* Collected data:
"""

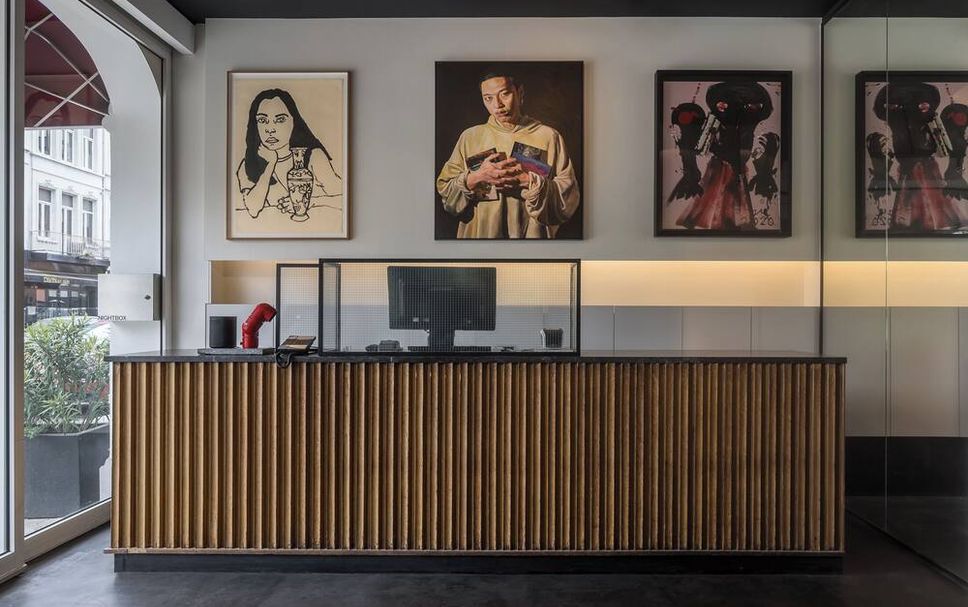 Front desk Photo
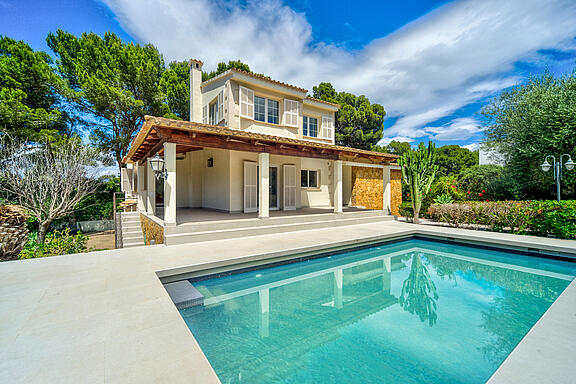 1. Villa with pool 1. Villa with pool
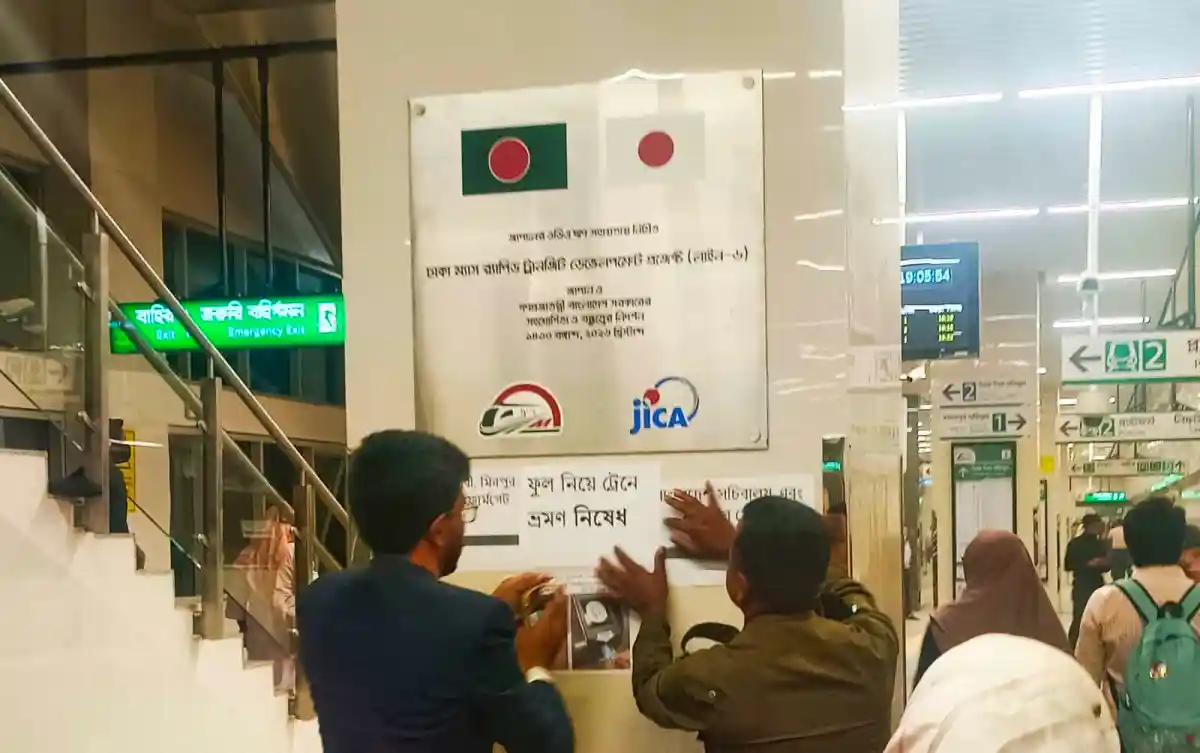 ঢাকায় আন্তর্জাতিক ফ্লাইটের জন্য বোর্ডিং গেটের ছবি. Channel i News - চ্যানেল আই নিউজ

"""

* Task instructions:
Output the listing exactly, pictures excluded.

* Answer to the exercise:
 Front desk Photo
 1. Villa with pool 1. Villa with pool
 ঢাকায় আন্তর্জাতিক ফ্লাইটের জন্য বোর্ডিং গেটের ছবি. Channel i News - চ্যানেল আই নিউজ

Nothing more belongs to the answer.